Members opposite may have the majority of the votes, but they don't get to rewrite the rules. They don't get to override privilege. I would suggest that you confer with the clerk about the actual technicality of what just happened here. If not, as I've said, I will be giving notice of a breach of privilege by the members just now. I suggest you confer—

12:15 p.m.

Conservative

Michelle Rempel Conservative Calgary Nose Hill, AB

On that point of order, Chair—

12:15 p.m.

Liberal

Jennifer O'Connell Liberal Pickering—Uxbridge, ON

Excuse me, Ms. Rempel Garner, I have the floor. You like to make up your own rules, but you have not been recognized—

12:15 p.m.

Conservative

Michelle Rempel Conservative Calgary Nose Hill, AB

That's the Liberal government, actually.

12:15 p.m.

Liberal

Jennifer O'Connell Liberal Pickering—Uxbridge, ON

—so I don't want to be interrupted again.

Thank you.

Mr. Chair, can you please confer with the clerk to determine if members' privilege was just breached?

12:15 p.m.

Liberal

The Chair Liberal Ron McKinnon

Ms. Rempel Garner, go ahead on the point of order.

12:15 p.m.

Conservative

Michelle Rempel Conservative Calgary Nose Hill, AB

Yes, I would just like to remind colleagues that there are three types of dilatory motions, which means non-debatable motions: adjourn debate, adjourn a meeting or proceed to whatever.

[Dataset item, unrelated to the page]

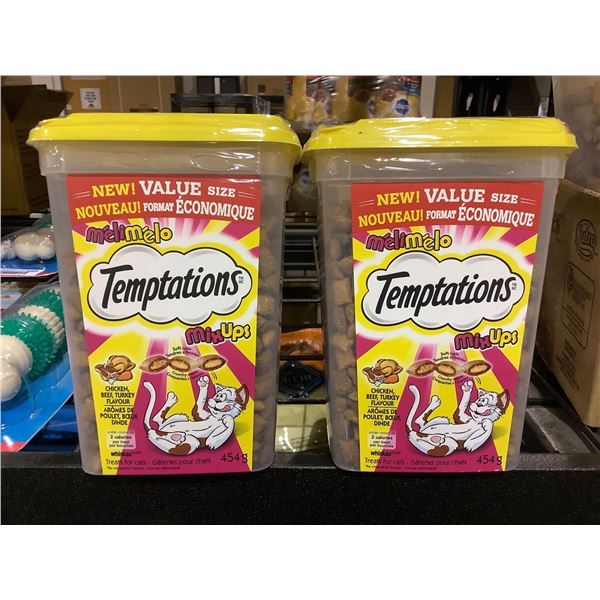 Temptations Mix Ups Value Size Cat Treats, Chicken, Beef & Turkey Flavors - 2X454g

I did move a motion that was that the committee proceed to, which was on an already agreed upon matter of business in the committee, so it is in fact a non-debatable motion. This is why members raised a challenge to your ruling, which was incorrect, as it was a dilatory motion. Members who voted against the sustainment of your ruling actually were voting in favour of sustaining our parliamentary privilege, because your ruling was incorrect. Now there has been a vote that has passed. We need to move on to the matter of business that was at hand earlier today.

Again, for the member to say that privilege has been breached, it's a little rich, given that what we were debating, which they were trying to filibuster, was the release of documents that the government refuses to provide to the committee under a House order.

We now need to have the witnesses here so that we can proceed with the questioning, as was originally scheduled on Friday. This is just ridiculous at this point.